§ TASK GOAL
Your answer must restate each entry below word for word, with no pictures in it.

§ DATA UNDER STUDY
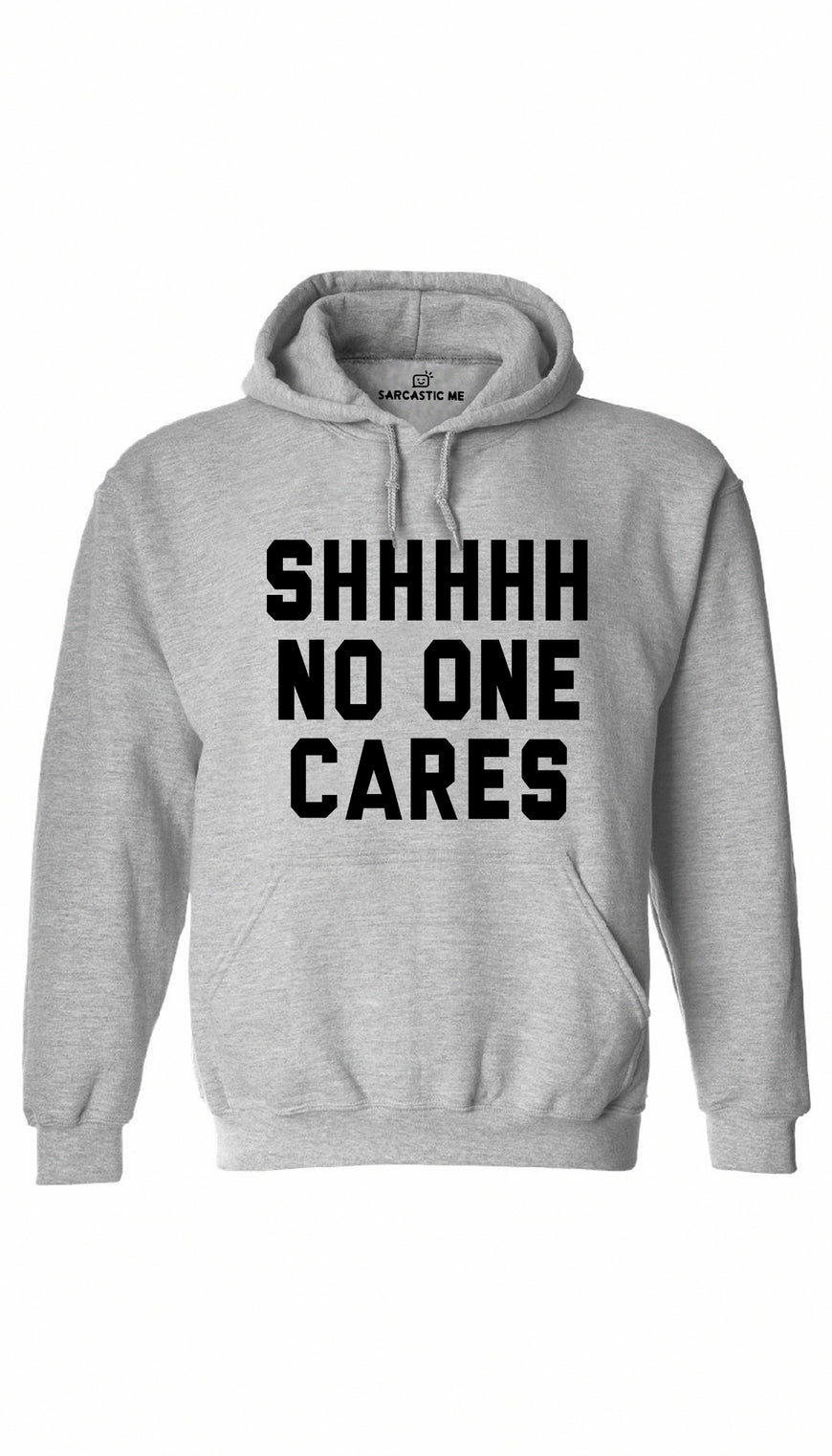 Shhhh No One Cares Gray Hoodie | Sarcastic ME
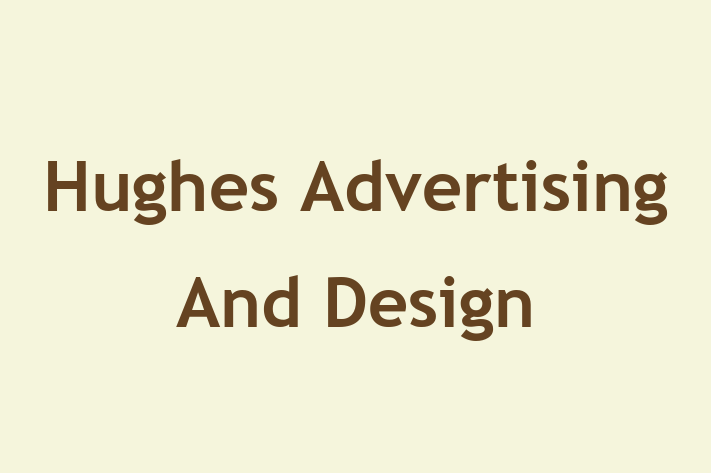 Hughes Advertising And Design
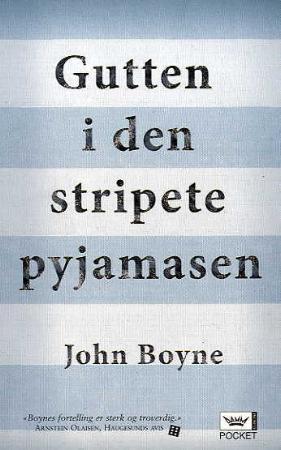 "Gutten i den stripete pyjamasen" av John Boyne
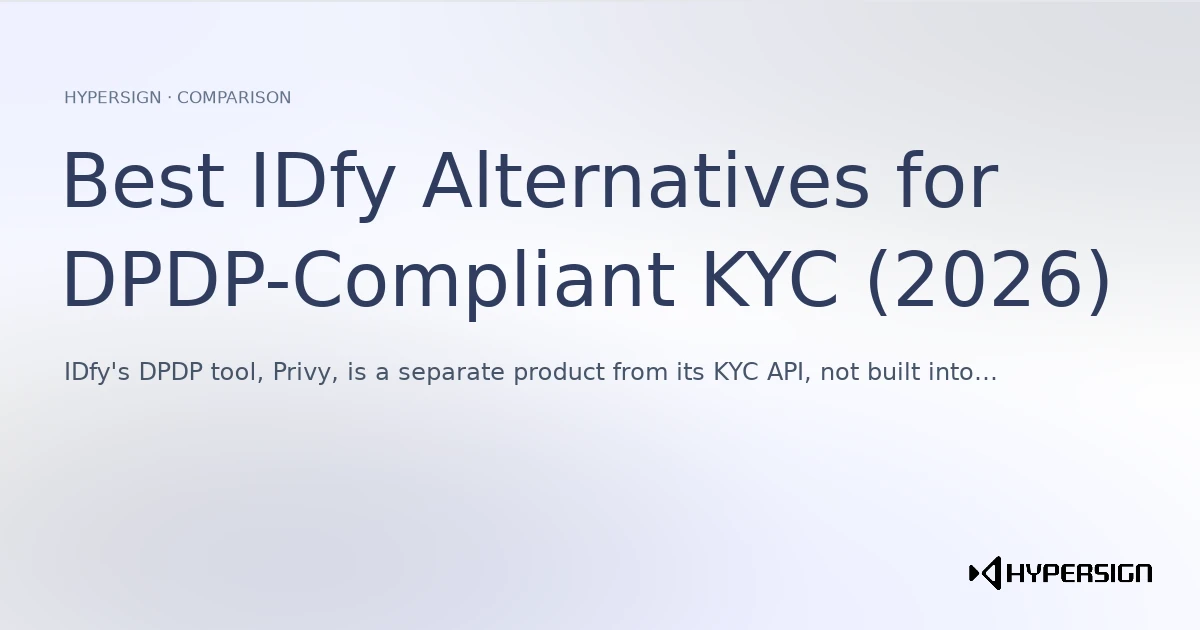 Best IDfy Alternatives for DPDP-Compliant KYC (2026)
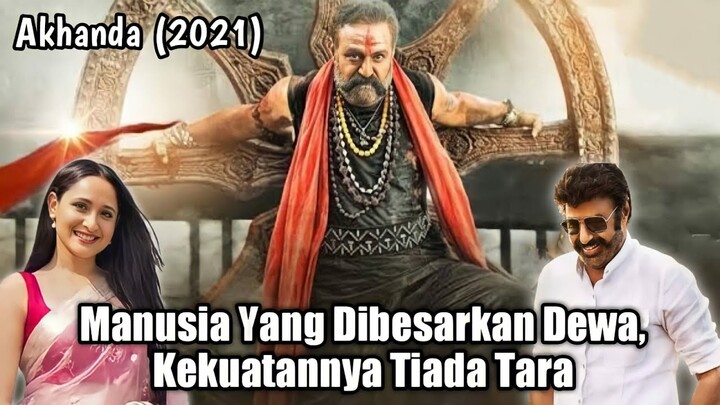 Bayi Diasuh Oleh Dewa || Alur Cerita Film India AKHANDA (2021)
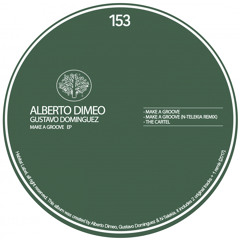 Alberto Dimeo, Gustavo Dominguez - Make A Groove (Original Mix)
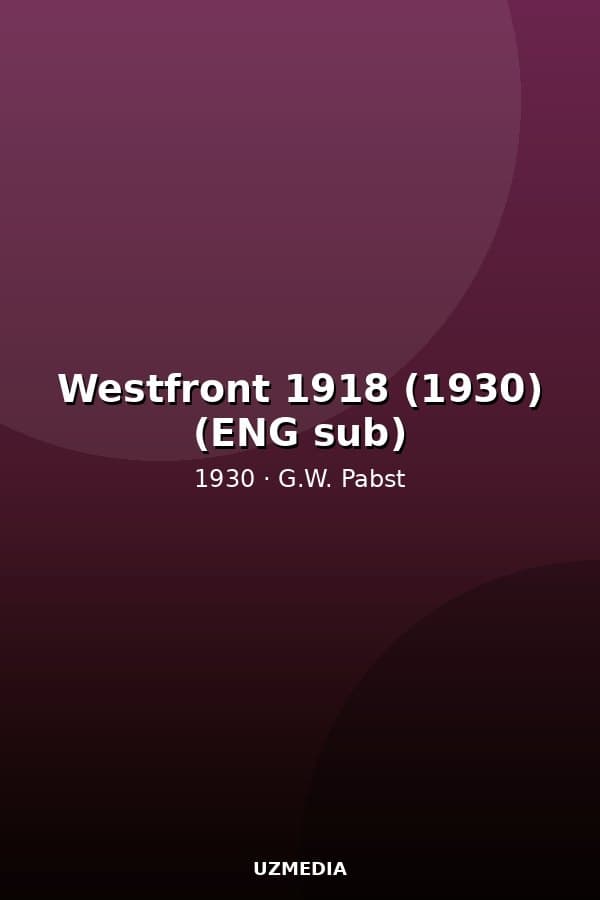 Westfront 1918 (1930) (ENG sub) — Movie 1930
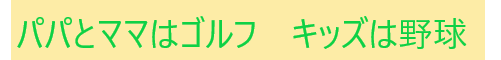 パパとママはゴルフ　キッズは野球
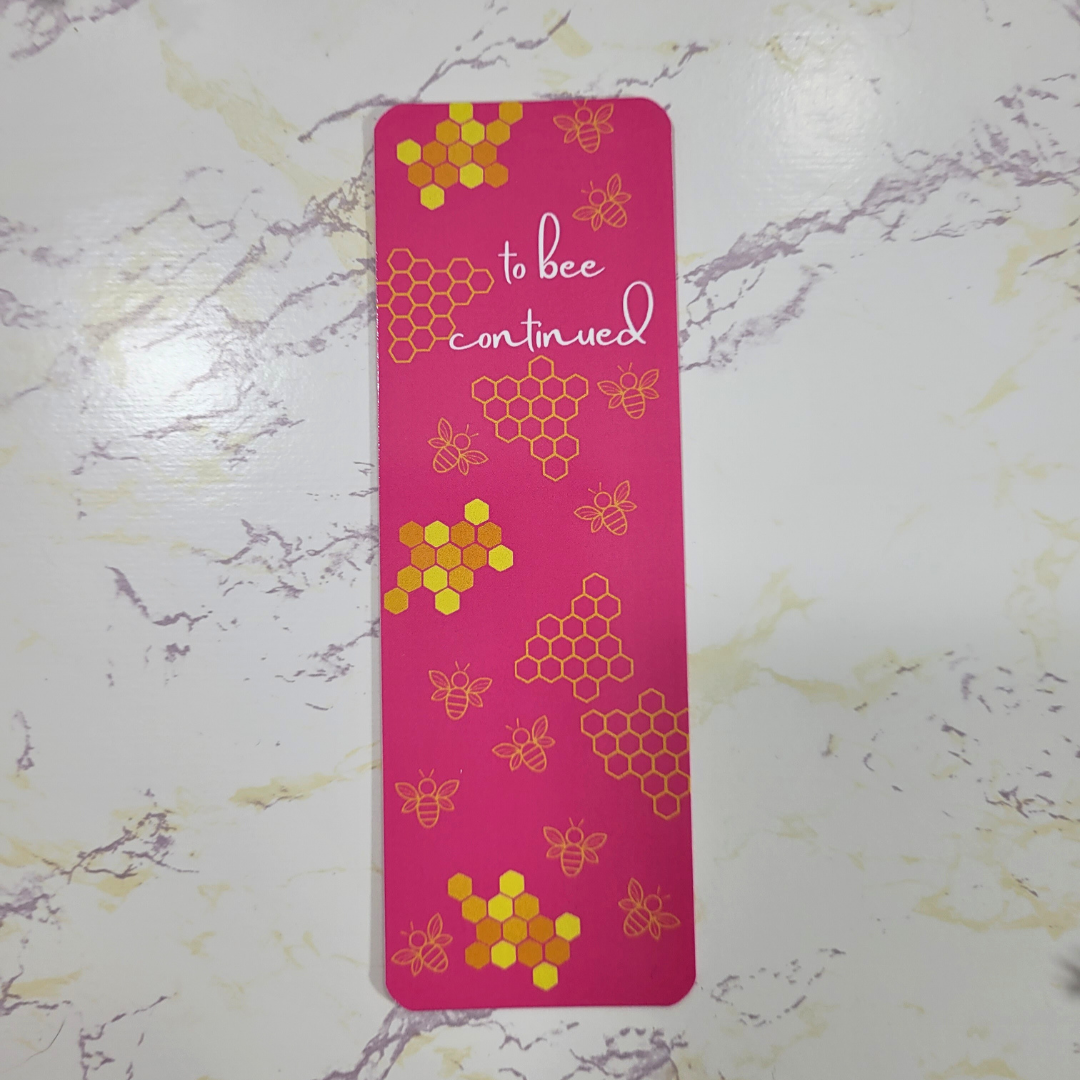 To Bee Continued Bookmark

§ YOUR SOLUTION
 Shhhh No One Cares Gray Hoodie | Sarcastic ME
 Hughes Advertising And Design
 "Gutten i den stripete pyjamasen" av John Boyne
 Best IDfy Alternatives for DPDP-Compliant KYC (2026)
 Bayi Diasuh Oleh Dewa || Alur Cerita Film India AKHANDA (2021)
 Alberto Dimeo, Gustavo Dominguez - Make A Groove (Original Mix)
 Westfront 1918 (1930) (ENG sub) — Movie 1930
 パパとママはゴルフ　キッズは野球
 To Bee Continued Bookmark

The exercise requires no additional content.